CSV to JSON does not recognize line breaks in Windows 7
c3piio opened this issue · 5 comments
I have a very simple CSV that Access 2010 created. When I convert it to JSON the resulting text does not have any line breaks. I tried changing line_sep to:
"line_sep": false
"line_sep": "false"
"line_sep": "\r"
None of these recognize the line breaks in the CSV. A snapshot of the CSV and the first three rows are below:
"geonameid","name","asciiname","alternatenames","loc","feature_class","feature_code","country_code","cc2","admin1_code","admin2_code","admin3_code","admin4_code"

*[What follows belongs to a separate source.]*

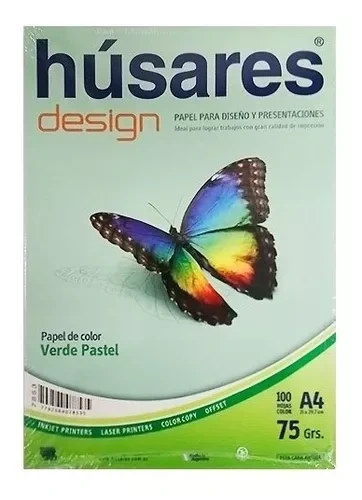RESMA A4 75grs.x100hjs. COLOR VERDE PASTEL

3,"Zamīn Sūkhteh","Zamin Sukhteh","Zamin Sukhteh,Zamīn Sūkhteh","[48.91667,32.48333]","P","PPL","IR",,"15",,,
5,"Yekāhī","Yekahi","Yekahi,Yekāhī","[48.9,32.5]","P","PPL","IR",,"15",,,
Can you paste in the result when you try to convert that snapshot?
What is the result if you go to the console and type "import os; os.linesep"?
After converting to JSON it looks like this:
[{""name"": "Zam\u012bn S\u016bkhteh", ""alternatenames"": "Zamin Sukhteh,Zam\u012bn S\u016bkhteh", ""cc2"": "", ""admin1_code"": "15", ""geonameid"": "3", ""feature_class"": "P", ""country_code"": "IR", ""loc"": "[48.91667,32.48333]", ""feature_code"": "PPL", ""admin3_code"": "", ""admin2_code"": "", ""admin4_code"": "", ""asciiname"": "Zamin Sukhteh"}, {""name"": "Yek\u0101h\u012b", ""alternatenames"": "Yekahi,Yek\u0101h\u012b", ""cc2"": "", ""admin1_code"": "15", ""geonameid"": "5", ""feature_class"": "P", ""country_code"": "IR", ""loc"": "[48.9,32.5]", ""feature_code"": "PPL", ""admin3_code"": "", ""admin2_code"": "", ""admin4_code"": "", ""asciiname"": "Yekahi"} .... etc ....
Import OS:
import os; os.linesep
'\r\n'
I can reproduce this. While the quotes are getting doubled, it's valid JSON. Fixing the quotes should be a quick fix. In the meantime, try doing a regex find-replace for "\\"|\\""
to "
.
Here's what I get when I do that find-replace and then format the JSON:
[
{
"name": "Zamīn Sūkhteh",
"alternatenames": "Zamin Sukhteh,Zamīn Sūkhteh",
"cc2": "",
"admin1_code": "15",
"geonameid": "3",
"feature_class": "P",
"country_code": "IR",
"loc": "[48.91667,32.48333]",
"feature_code": "PPL",
"admin3_code": "",
"admin2_code": "",
"admin4_code": "",
"asciiname": "Zamin Sukhteh"
},
{
"name": "Yekāhī",
"alternatenames": "Yekahi,Yekāhī",
"cc2": "",
"admin1_code": "15",
"geonameid": "5",
"feature_class": "P",
"country_code": "IR",
"loc": "[48.9,32.5]",
"feature_code": "PPL",
"admin3_code": "",
"admin2_code": "",
"admin4_code": "",
"asciiname": "Yekahi"
}
]
Having the same issue, it seems like the line endings detection is messed up.
I guess it's a python thing ? http://bugs.python.org/issue18829
FWIW, I had a similar issue today, where when trying to do any conversion, it simply returned an "empty" result (eg. converting to JSON returned [], even using the sample data that is on the README).
The solution I found in Sublime text was to go to View > Line Endings > Unix, then the conversion worked.
I'm running Sublime Text 3, with Windows 10, too.